Western blotting of the proband's cultured skin fibroblasts showed lack of full-length SECISBP2 protein (Fig. 1C). Assessment of selenoproteins showed greatly diminished GPX1 protein levels in fibroblasts, similar to other reports in SECISBP2-deficient patients (Fig. 1D) (1,2). The enzymatic activity of GPX in the serum was also markedly decreased (Fig. 1E), with the proband's GPX activity being the lowest compared to the other family members. This was also confirmed at the protein level, with serum GPX3 protein levels being markedly decreased in the proband and diminished in the heterozygous parents and brother (Fig. 1F). This was also the case with biallelic and monoallelic SECISBP2 mutations in two other families (Fig. 1F). These data indicate that the defective expression of full-length SECISBP2 caused a global decrease in selenoprotein synthesis in the proband as in other subjects with SECISBP2 deficiency.

Discussion

This novel homozygous early termination mutation leads to absence of the full-length SECISBP2 protein. However, a shorter isoform starting from methionine 300 containing the C-terminal functional domain is expected to be translated (3) and to provide some residual SECISBP2 function. Different from other SECISBP2 deficient patients, this child had normal height and bone age. However, decreased growth velocity developed at 13 years of age, and provocative testing showed GH deficiency, not previously reported in SECISBP2-deficient patients.

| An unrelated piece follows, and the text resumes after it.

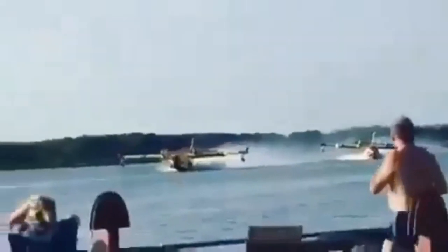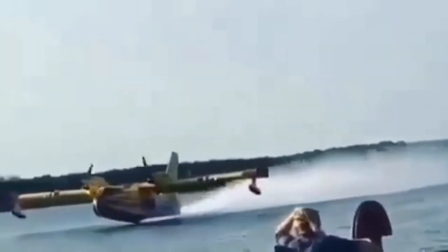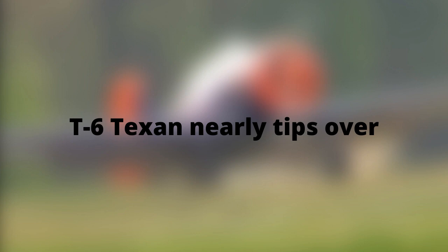This water bomber takes off in a river and accidentally hits a pole. This Red Bull T6 Texan nearly tips over.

Single patients with increased fat mass and insulin sensitivity as well as recurrent fasting hypoglycemia with low insulin levels have been reported (2). This is attributed in part to decreased GPX1 expression because Gpx1-null mice showed increased insulin sensitivity. In contrast, this patient had impaired glucose tolerance in spite of decreased GPX1. His genetic and environmental background may have affected insulin sensitivity independently of SECISBP2 deficiency.

As in a previous report (4), supplementation of sodium selenite for even longer duration did not alter significantly the serum T4 and T3 abnormalities, despite normalization of the selenium level.

Supplementary Material

Supplemental data
Supp_Fig1.pdf (237.4KB, pdf)

Acknowledgments

This work was supported by NIH grant DK110322 (A.M.D.). We thank Miles Tracy for performing the TFTs and Dr. Samuel Refetoff for revision of the manuscript.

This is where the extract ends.